The roads in the Paris area are often wet and slippery, and have irregular surfaces (cobblestones, speed bumps, poor pavement). I wanted a bike with better traction and braking power than my road racing bike—a bike that I could also use for touring. In January, I bought a mountain bike. I was not planning to ride off-road, so I put on Panaracer Pasela Compe non-knobby tires, and added a luggage rack for saddlebags.
France’s network of small roads and frequent hotels make it a good country for hotel-type cycletouring.
Note to Americans: these hotels are not luxurious. Often, the entrance is through the bar. There is usually a sink (lavabo) in the room, but there may not be toilets or showers—in this case, there will be common facilities for several rooms. Soap and shampoo are not provided, so always carry your own. Hotels usually have a restaurant. Do not expect the hotel keepers to speak or understand English.
In early May, I toured the Var department in southeast France, then in June, did a tour of the Hautes Alpes and Gorges du Verdon. My French bicycling partner, Charly, designed the itineraries for both trips. He provided maps with the roads highlighted, names and information for hotels, and descriptions of the scenery and places to visit en route. He also loaned me his old saddlebags. Charly’s reason for living is to ride mountains, so any itinerary he plans has lots of climbing. The ones he made for me were no exception.

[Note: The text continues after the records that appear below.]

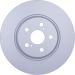 Hella Bremsscheibe PRO 8DD 355 111-651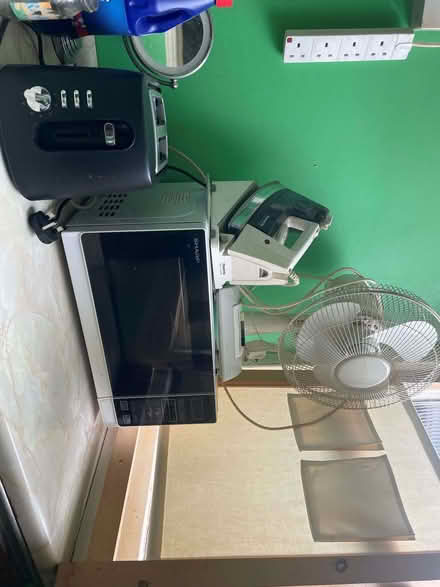 Photo of free Household items (Diss IP22) #2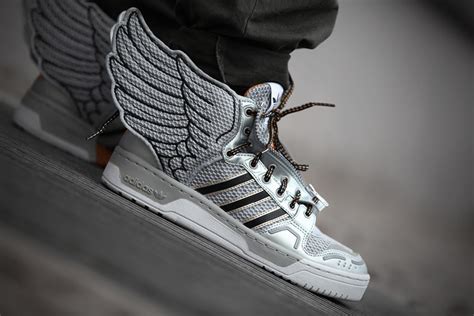adidas schuhe js wings d65208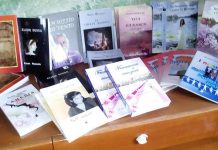 I titoli del 2019 di Scarenz Editore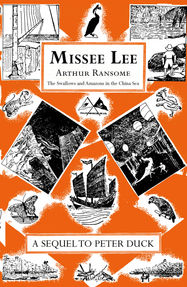 Missee Lee - Jacket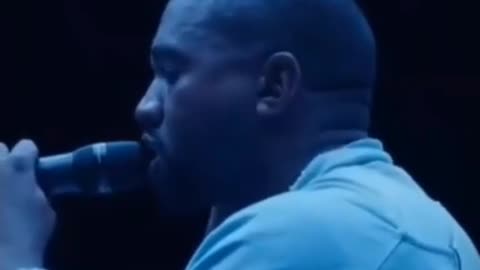 God Is by Kanye West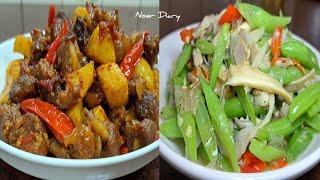 2 MUST TRY COOKING MENUS FOR BREAKING THE SAHUR MEAL ‼️ RAMADHAN MENU CREATIONS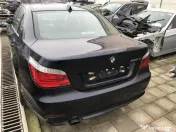 Bară spate BMW E60 LCI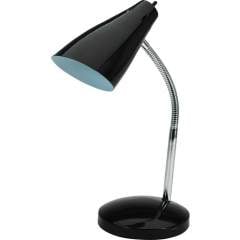 Lorell USB 10-watt LED All-metal Desk Lamp (99953)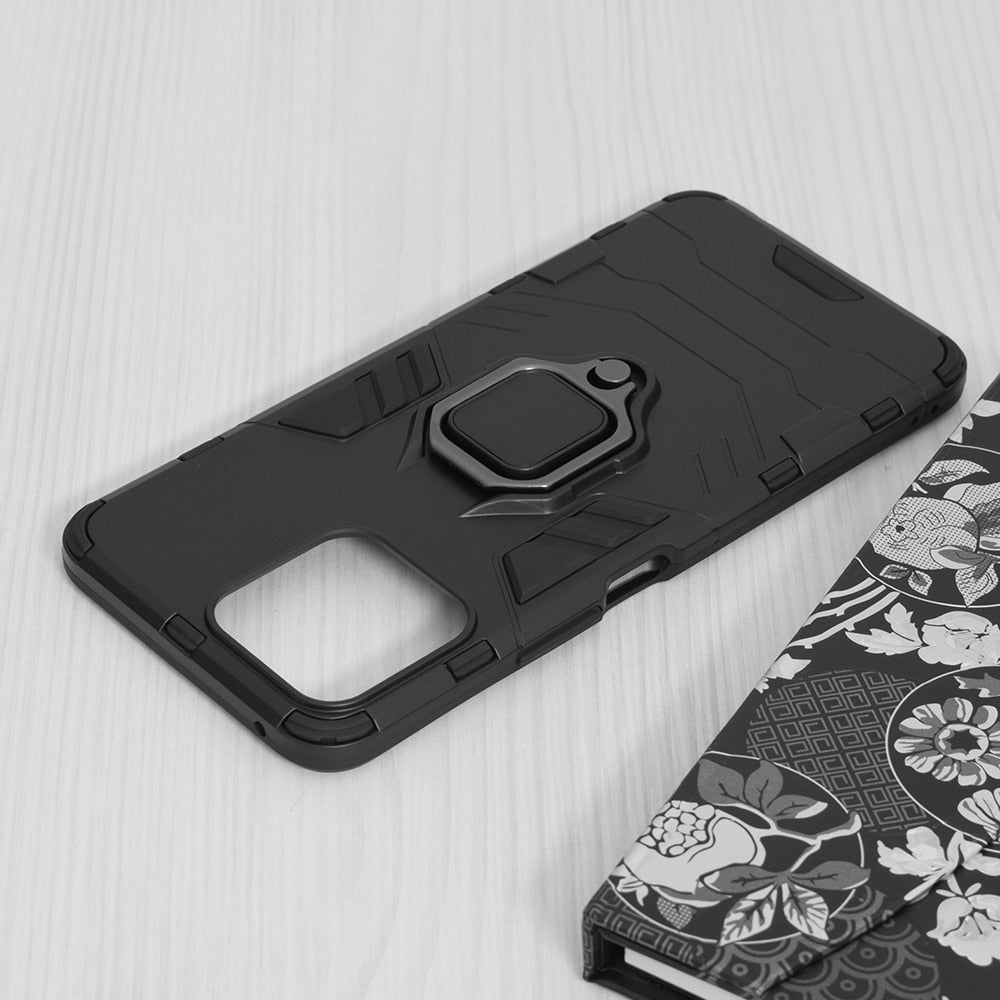 TechSuit Silicone Shield maska za Honor X8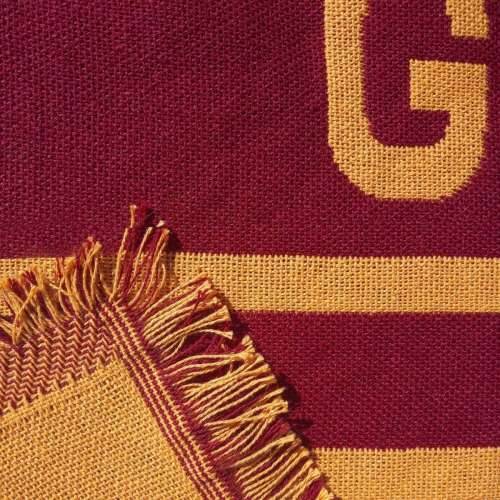 Deka Harry Potter Gryffindor Values Pisana 230 x 2 x 260 cm Cijena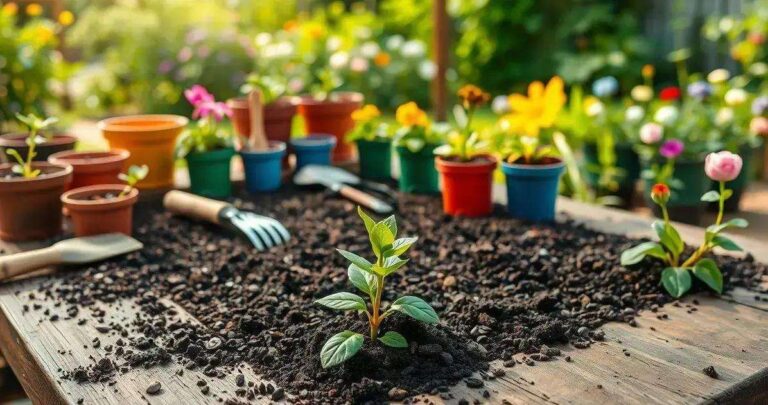 Jardinagem Para Iniciantes 10 Dicas Essenciais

These trips were the first time I had done this type of bicycling—riding with saddlebags, staying at hotels. I had to get used to the differences between this style of riding and the style that I had always done—training for racing or fast touring.
In order for the kilometers to be “official” for my club, both these trips were classified as FFCT Voyages Itinerants. Every day of the trip, I had to get the Voyage Itinerant card stamped at any place of business that I passed en route.
Both trips were point-to point. I took the train from Paris to the departure town, rode the stages, and returned to Paris from a different town.